2020 Distinguished Lecture in Anthropology, by Philip J. Deloria “New Pasts and Presents: Thoughts on Commemoration and Temporality”

The Anthropology Department hosted the 2020 Distinguished Lecture in Anthropology, by Philip J. Deloria, virtually on Thursday, December 17. Deloria presented the topic, “New Pasts and Presents: Thoughts on Commemoration and Temporality”.
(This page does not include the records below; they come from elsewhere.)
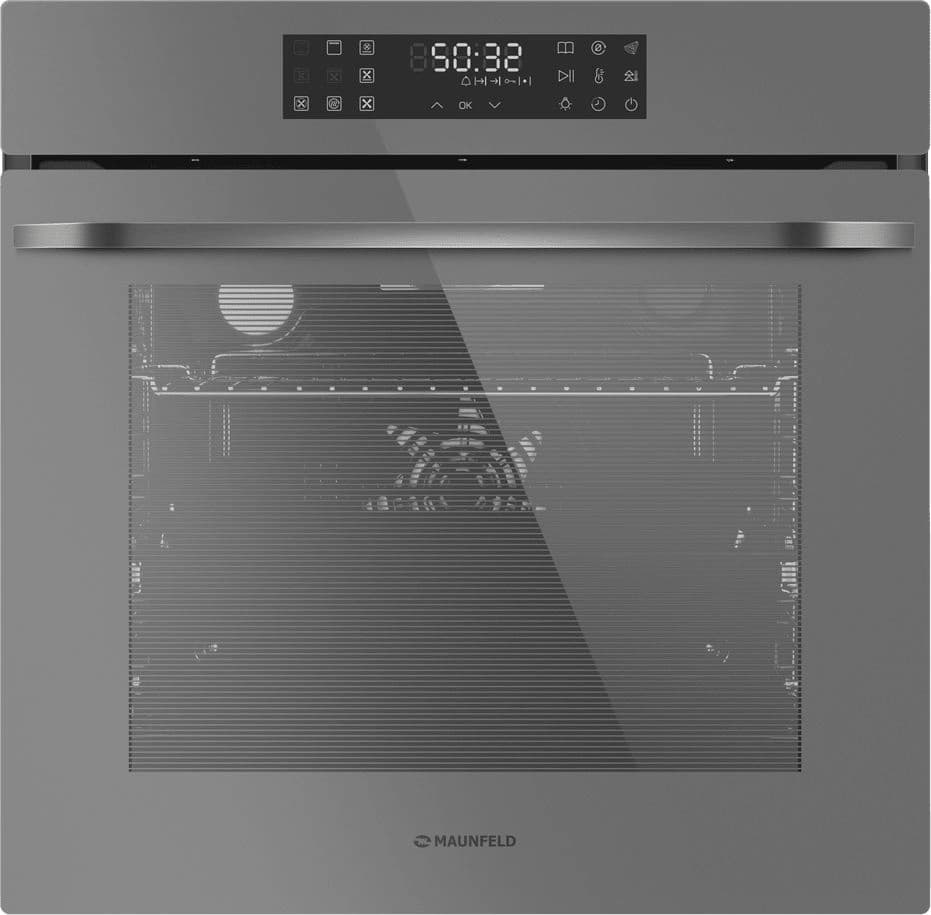 Духовой шкаф Электрический Maunfeld EOEH7614LGR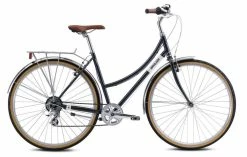 Breezer Downtown EX ST Woman Trekking Bike 2022 -Mountain Bikes Shop breezer downtown ex st trekking bike 2021 04 ml
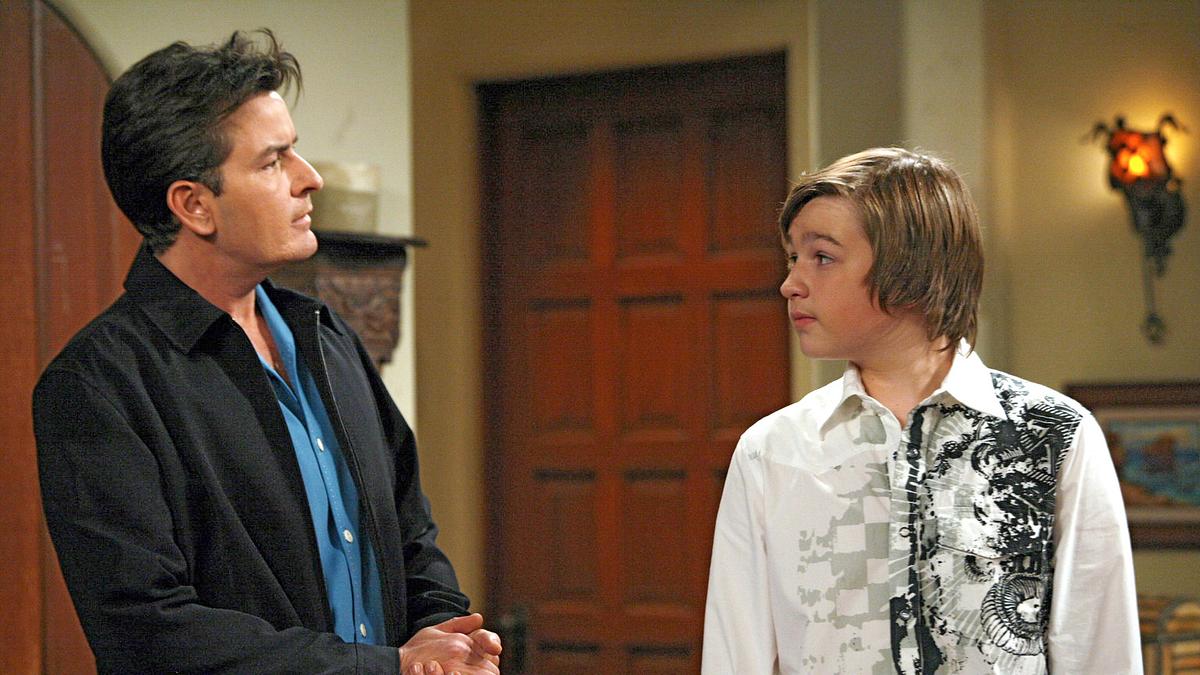 two and a half men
Lecture Description: Commemoration touches simultaneously upon at least four temporalities: the moment of a life or event, the moment of a marker or text, the moment of an encounter, and the anticipation of a future consequence.  Commemoration interweaves (not always easily) issues surrounding remembrance, honor, values, community and power.  Is it any wonder that our memory work is so out of joint?  Names and statues, art and symbols—these things constellate around themselves multiple temporalities, shifting values, shaky memories, and new histories.  As figures of stability, they are deeply unstable.  Considering a range of cases—Mary Sully’s personality prints, Jacob Lawrence’s American Struggle series, sports mascots, the American Museum of Natural History’s Equestrian Statue of Theodore Roosevelt, campus re-namings, among others—this talk will contemplate the uncertainty of temporality that lingers amidst the seeming certainties of iconoclasm and commemoration alike.